[REQUIRED WORK]
Where the string "Women" occurs in the material below, report the whole line.

+++++

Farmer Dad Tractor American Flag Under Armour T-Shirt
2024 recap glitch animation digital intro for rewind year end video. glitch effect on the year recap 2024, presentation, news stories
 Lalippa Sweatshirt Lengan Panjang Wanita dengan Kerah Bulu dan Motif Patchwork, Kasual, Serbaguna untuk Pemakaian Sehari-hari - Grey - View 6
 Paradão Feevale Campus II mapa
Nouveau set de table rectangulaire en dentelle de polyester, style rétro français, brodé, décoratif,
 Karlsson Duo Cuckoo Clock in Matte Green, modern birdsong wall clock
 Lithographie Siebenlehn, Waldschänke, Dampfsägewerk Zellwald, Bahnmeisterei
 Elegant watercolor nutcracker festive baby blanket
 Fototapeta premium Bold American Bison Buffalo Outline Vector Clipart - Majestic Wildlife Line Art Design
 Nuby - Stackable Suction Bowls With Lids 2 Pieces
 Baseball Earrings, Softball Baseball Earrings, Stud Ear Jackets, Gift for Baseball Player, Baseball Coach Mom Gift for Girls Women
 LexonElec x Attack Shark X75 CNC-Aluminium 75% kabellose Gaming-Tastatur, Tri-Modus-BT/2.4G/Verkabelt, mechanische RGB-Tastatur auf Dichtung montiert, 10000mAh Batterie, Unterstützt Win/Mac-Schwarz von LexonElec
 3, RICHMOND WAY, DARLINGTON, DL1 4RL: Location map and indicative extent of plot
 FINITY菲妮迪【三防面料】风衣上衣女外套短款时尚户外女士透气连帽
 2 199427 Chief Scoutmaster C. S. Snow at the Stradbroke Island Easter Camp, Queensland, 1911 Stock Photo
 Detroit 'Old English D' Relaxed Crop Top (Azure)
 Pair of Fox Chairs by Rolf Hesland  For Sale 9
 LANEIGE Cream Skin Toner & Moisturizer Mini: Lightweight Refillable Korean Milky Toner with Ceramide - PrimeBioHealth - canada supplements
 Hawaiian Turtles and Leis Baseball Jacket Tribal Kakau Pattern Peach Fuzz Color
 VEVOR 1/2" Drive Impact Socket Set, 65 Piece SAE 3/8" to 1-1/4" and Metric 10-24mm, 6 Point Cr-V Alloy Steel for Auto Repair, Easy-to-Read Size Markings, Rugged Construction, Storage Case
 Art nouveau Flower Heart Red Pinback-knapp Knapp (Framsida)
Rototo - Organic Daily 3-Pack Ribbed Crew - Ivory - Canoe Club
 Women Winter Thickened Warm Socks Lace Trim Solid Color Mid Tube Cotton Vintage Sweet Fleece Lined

+++++

[SOLUTION]
 Baseball Earrings, Softball Baseball Earrings, Stud Ear Jackets, Gift for Baseball Player, Baseball Coach Mom Gift for Girls Women
 Women Winter Thickened Warm Socks Lace Trim Solid Color Mid Tube Cotton Vintage Sweet Fleece Lined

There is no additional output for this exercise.